II. Because I am teaching 2nd semester physics, I have many more students with whom I interact for an entire year. I enjoy having these year-long relationships with students, because I get to know students much better. There are also real big advantages with the amount of trust that students have with me. We can do things and persist in things that are confusing, because they have been there enough times with me to know that it will pay off, AND that even if one time it doesn’t pay off, it’s OK, next time it will.

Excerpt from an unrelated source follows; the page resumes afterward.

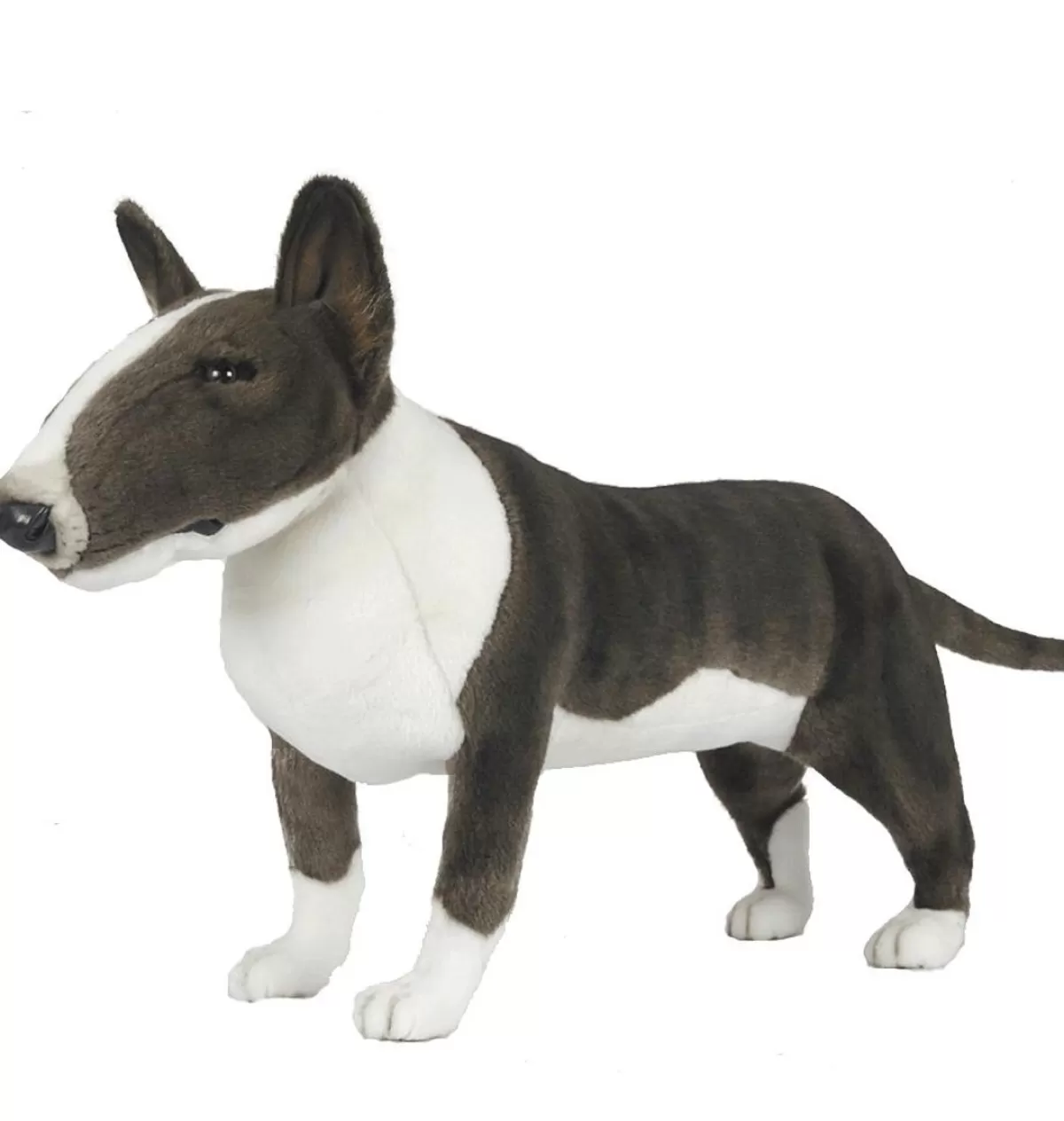 Online Hansa knuffels Hansa Creation Bull Terrier Xl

III. In my step II class (the 2nd course in the UTeach sequence), a hot topic of discussion from students has been their own challenges and successes in “getting students to say what you want.” This phrase comes up so often in class (from students, not the instructors). It’s a real window into how they are conceptualizing inquiry teaching so far. While I understand that they are grappling with the very real difficulties of asking good questions and facilitating discussion, their language here suggests that the students and I have different views about the purpose of questioning and discussion. I don’t think they yet see that questioning and discussion serves a role in helping the teacher (and students) find out what everyone is thinking.

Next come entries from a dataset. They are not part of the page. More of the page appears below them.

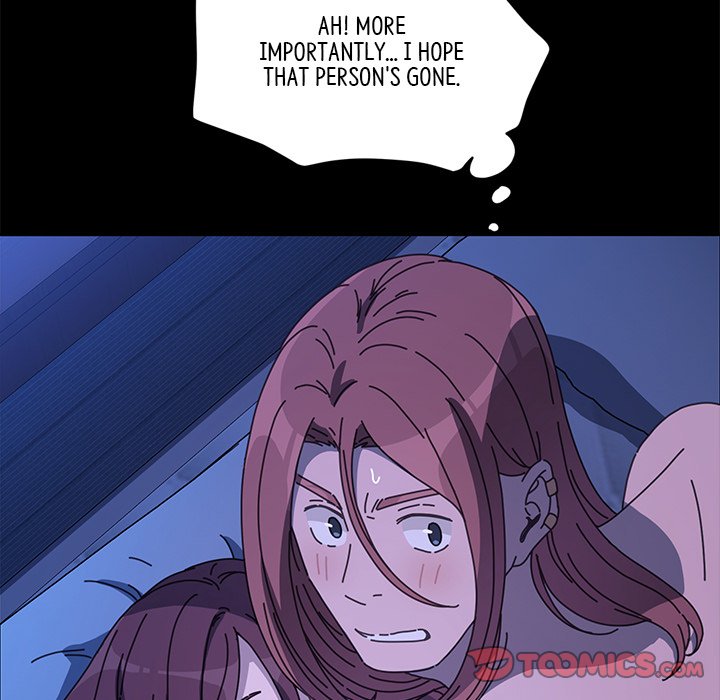Man of The House Chapter 39 image 39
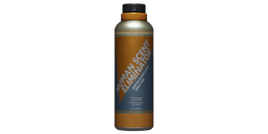 ScentEliminator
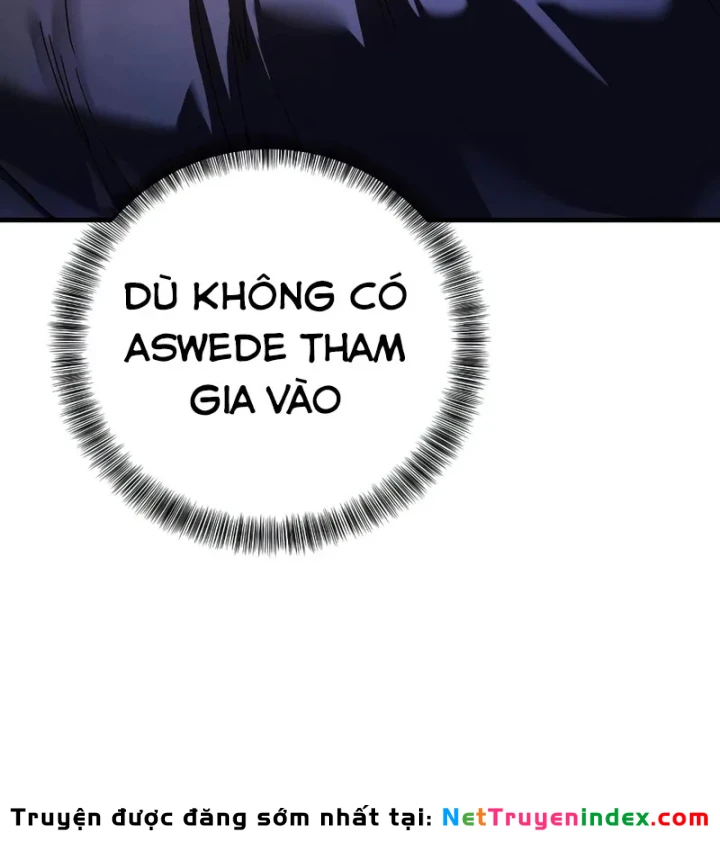 Đao Phủ Chapter 54 - 188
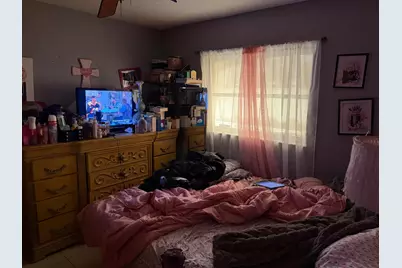 7917 Panama Street, Miramar, FL 33023 - Photo 10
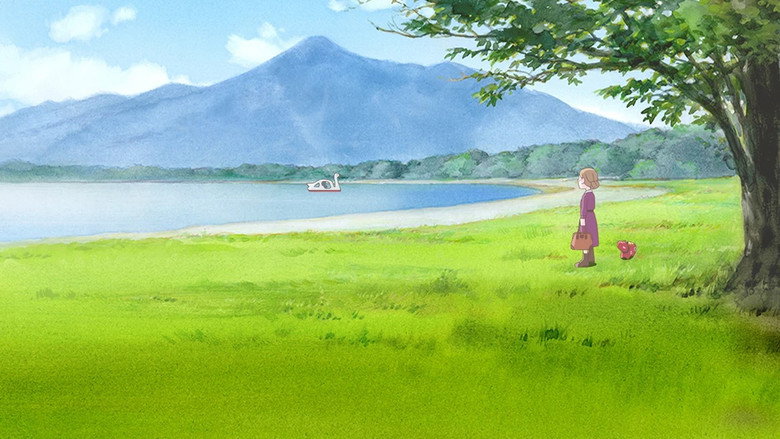 剧照 2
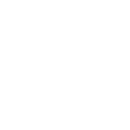 RFOF  white_mobile test kitchen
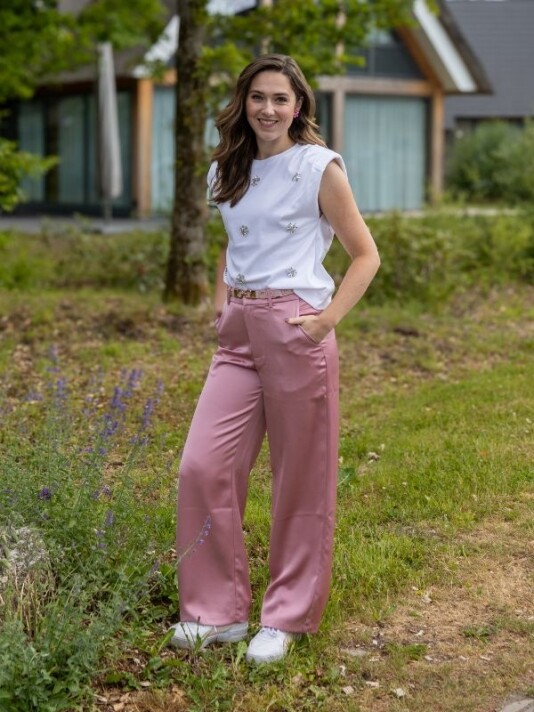 %lookbooks.TITEL%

IV. Several of the physics teachers in our area have really taken up some of the discourse moves we have talked about and practiced in our monthly workshops. One teacher in particular says that “re-voicing” and asking students to “re-voice” has transformed her classroom practice. While many teachers really enjoy our workshops, some really “take up” practices more readily than others, and I’m curious about when and why this does and doesn’t happen.

V. I have an amazing group of students in my physical science class. We do lots of serious intellectual science almost everyday, and do it while having a lot of fun. It is so much fun to be in that class, laughing all the time. Yesterday, I had to kick students out of class (30 minutes after it was officially over), so I could start my other class in the same room. I wish I could tell you more.

VI. Being in my third year working with the future physics teachers has its advantages. Before, almost every student I knew was “new” to me, and getting students to “come around” was hard work. Now, I’m almost never teaching a class, where there isn’t a mix of students that are new to me, some I know a bit, and some I know really well. This has huge advantages, because the newer one’s learn how to “participate” implicitly by observing how the more experienced one’s participate. Students more quickly and readily pick upon the fact that “you have to talk”, “share and listen to ideas”, “defend your ideas with reasoning /evidence”, and importantly realize that we all understand the physics less than we thought (and that it’s OK to be wrong and admit you don’t understand something).

VII. I am almost always barely getting by in doing what I have to do. It is stressful, but for the moment, things are going really well, so it makes it feel so worth it. While I’m quite content right now, I have to admit to myself that I don’t know how to get an appropriate work-life balance. I know that my current balance can’t go on forever, and I’m struggling to see how to make it work. Ugh.